I am not sure about anything, I am not an agent or affiliated in any way with any government/private agency, and what I am writing here is NOT TO BE CONSIDERED LEGAL ADVICE . Read the disclaimer



> This Website gives users an opportunity to share information only and is not intended to contain any advice which you should rely upon. It does not replace the need to take professional or other advice. We have no liability to you or any other person in respect of any content on this Website.


----------



## kamal69 (Sep 3, 2014)

TheExpatriate said:


> I am not sure about anything, I am not an agent or affiliated in any way with any government/private agency, and what I am writing here is NOT TO BE CONSIDERED LEGAL ADVICE . Read the disclaimer


Ok I got it . thanks for letting me known.


----------



## _shel (Mar 2, 2014)

You apply for a spouse visa now in india. As soon as it is lodged you apply for a tourist visa. This will allow them to stay in Australia for almost the entire processing time and us likely to be granted as she has proved she does not wish to overstay or break the rules because she has already applied for PR. 

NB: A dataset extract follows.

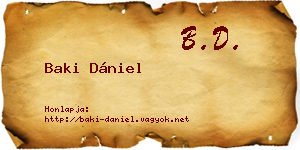 Baki Dániel névjegykártya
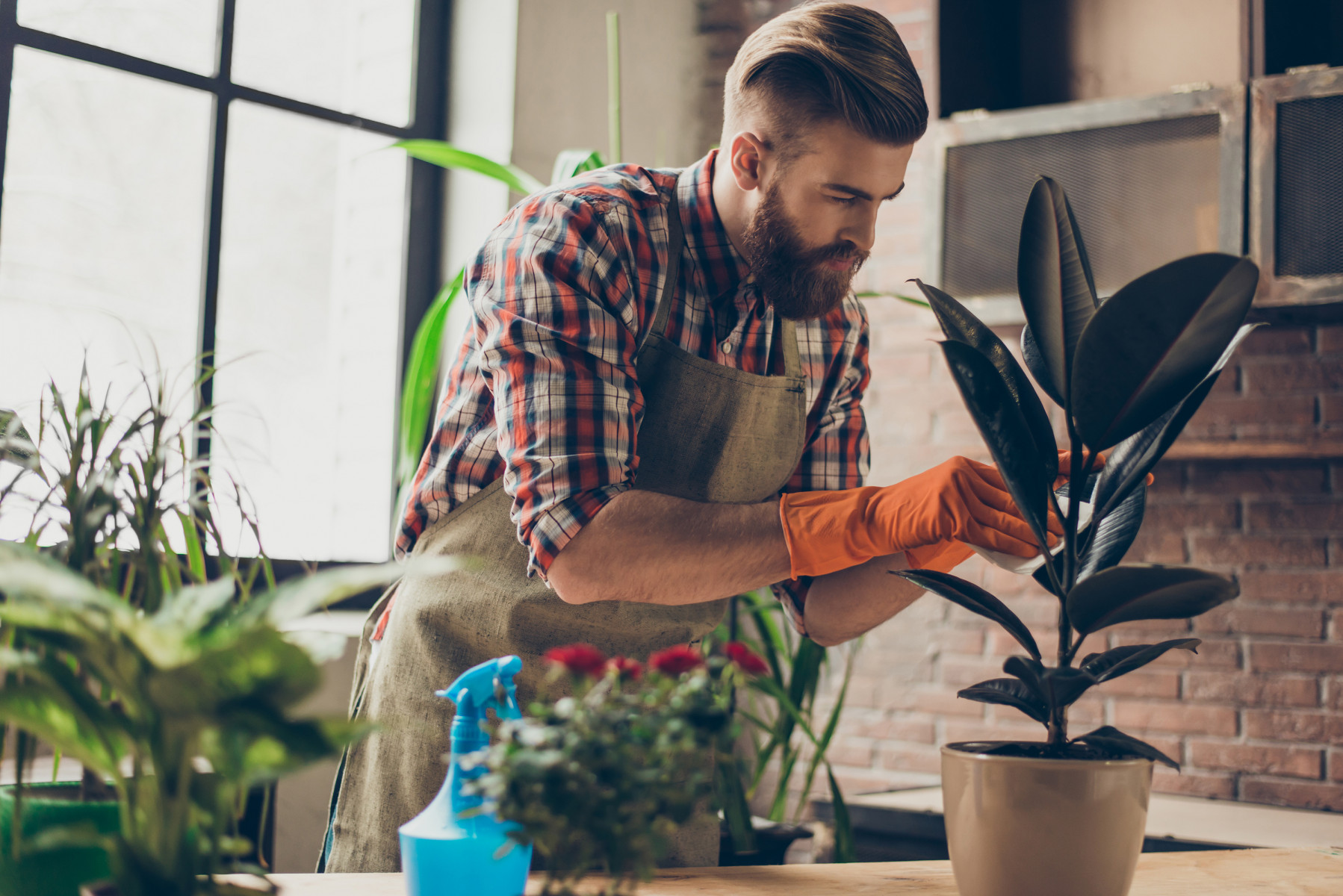 Jeune artisan fleuriste horticulteur avec des gants orange et un tablier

You can not live in Australia on a tourist visa.


----------



## kamal69 (Sep 3, 2014)

_shel said:


> You apply for a spouse visa now in india. As soon as it is lodged you apply for a tourist visa. This will allow them to stay in Australia for almost the entire processing time and us likely to be granted as she has proved she does not wish to overstay or break the rules because she has already applied for PR.
> 
> You can not live in Australia on a tourist visa.


Ok thank you. Do you also advice on NZ immigration.


----------



## TheExpatriate (Feb 7, 2014)

kamal69 said:


> Ok thank you. Do you also advice on NZ immigration.


Allow me to take that on behalf of _shel

No one in this forum is advising no one on anything. We are not in any legal capacity to give advice. We are merely sharing information, which you need to verify yourself as well.

plus, here is the link to the NZ forum if you need NZ information

New Zealand Expat Forum for Expats Living in New Zealand - Expat Forum For People Moving Overseas And Living Abroad


----------



## _shel (Mar 2, 2014)

Thank you 

I'm not an advisor of any kind, this forum is for information sharing and support. Where people can share their experiences of the Australian migration system from their own applications. If you want formal advice you need to consult a registered migration agent.


----------